Die Beschlüsse geben Zeugnis ab über die auto­ritär ange­hauchte Politik des Bundes­rates in den 30ern. Der allge­meine Trend in Europa, weniger Demo­kratie, mehr Auto­ri­ta­rismus, hinter­liess auch in der Schweiz seine Spuren. Dies äusserte sich nicht nur in Angriffen auf die Meinungs­frei­heit oder in poli­ti­sierten Justiz­be­hörden. Auch das poli­ti­sche System litt darunter. Oftmals hebelte die Landes­re­gie­rung die direkte Demo­kratie aus, indem er sich auf Notrecht – Gesetze müssen nicht per Refe­rendum abge­segnet werden – oder Dring­lich­keits­klau­seln – Gesetze müssen erst nach einer bestimmten Zeit per Refe­rendum bestä­tigt werden, da sie eben „dring­lich“ sind – stützte. 

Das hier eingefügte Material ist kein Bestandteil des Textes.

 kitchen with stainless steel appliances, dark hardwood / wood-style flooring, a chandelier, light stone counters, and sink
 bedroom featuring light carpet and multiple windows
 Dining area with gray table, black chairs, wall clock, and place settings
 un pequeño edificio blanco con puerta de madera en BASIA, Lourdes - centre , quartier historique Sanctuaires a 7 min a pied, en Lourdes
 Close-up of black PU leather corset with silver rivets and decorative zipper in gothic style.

Neutra­lität im Spiegel der Zeit

Die Repu­blik verlor den Krieg. Das lag nicht nur an den besser ausge­bil­deten Truppen der Aufstän­di­schen und der deutsch-italie­ni­schen Unter­stüt­zung, sondern auch an internen Strei­tig­keiten, die sich mitunter in einem „Bürger­krieg im Bürger­krieg“ entluden. Eben­falls trug die Neutra­lität der euro­päi­schen Demo­kra­tien dazu bei, das Schicksal der Repu­blik zu besie­geln. Die Franco-Diktatur hielt bis 1975 an.

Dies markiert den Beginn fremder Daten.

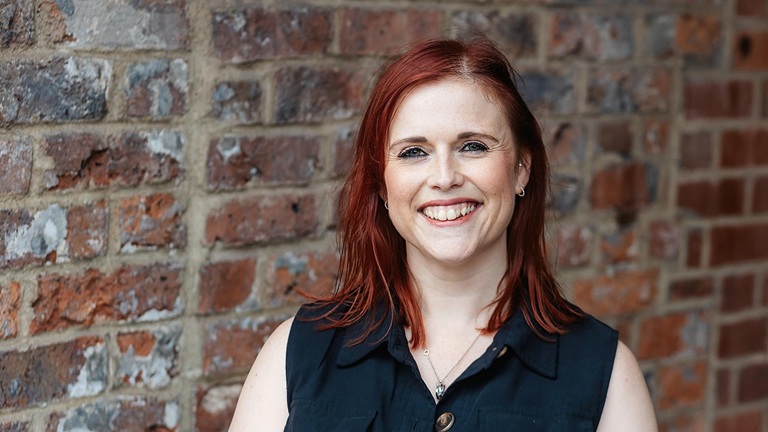 Smiling red‑haired woman in a sleeveless dark blouse standing against a weathered brick wall.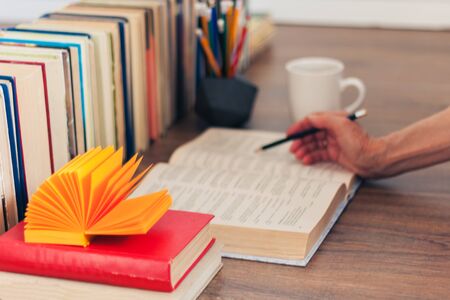 Hand of teacher, open textbook, notebook, glasses, pencils in holder, cup of tea and stack of old book on wooden table, education concept background, many books piles with copy space for textの写真素材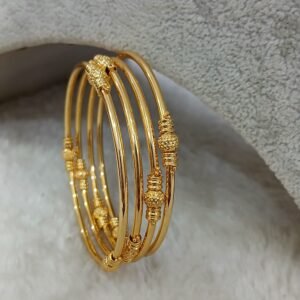 2.6 Round plain with gold ball detailing Micropolish bangles (set of 4)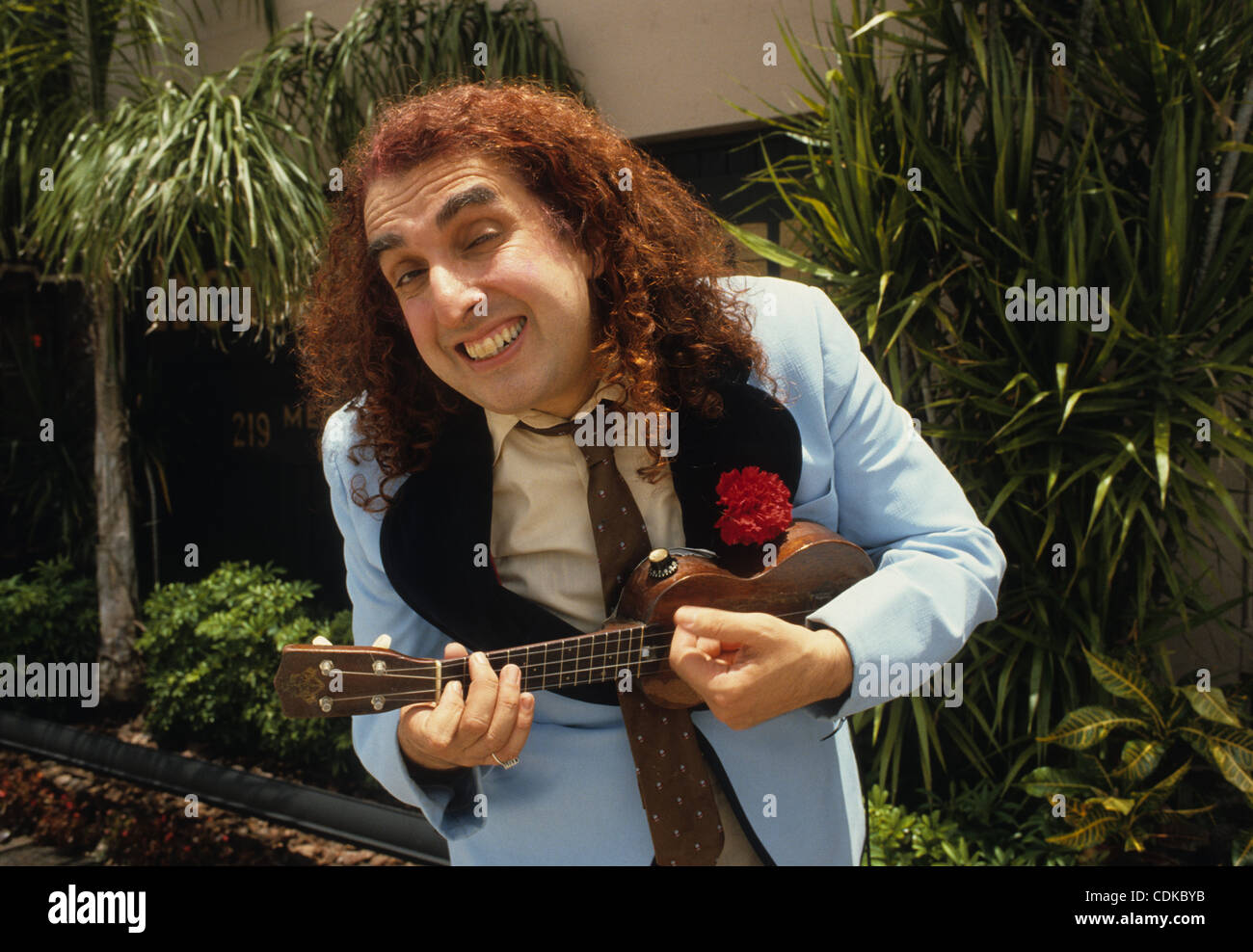 Mar. 15, 2011 - Atlanta, GA, USA - Herbert Khaury (April 12, 1932 â€“ November 30, 1996), better known by the stage name Tiny Tim, was an American singer and ukulele player. He was most famous for his rendition of ''Tiptoe Through the Tulips'' sung in a distinctive high falsetto/vibrato voice (thoug Stock Photo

Der Spani­sche Bürger­krieg zeigt, dass die Schweizer Neutra­lität keine unver­än­der­liche und schon immer fest­ge­legte Praxis ist, wie dies in aktu­ellen Debatten zuweilen darge­stellt wird. Sie ist immer auch ein Spiegel der poli­ti­schen Kräf­te­ver­hält­nisse und deren Präfe­renzen. Die Bürger­li­chen und der Bundesrat hielten nicht zuletzt wegen eines starken Anti­mar­xismus an der Neutra­lität fest – auch um den Preis, damit einer alles andere als libe­ralen Aufstands­be­we­gung in die Hände zu spielen.

Die eidge­nös­si­sche Neutra­li­täts­po­litik wider­spie­gelte zudem eine auto­ri­täre Grund­stim­mung der euro­päi­schen Politik: Sie wurde benutzt, um gegen den poli­ti­schen Gegner vorzu­gehen. Neutra­lität selbst ist und war eben nie neutral, sondern immer ein Spiegel ihrer Zeit.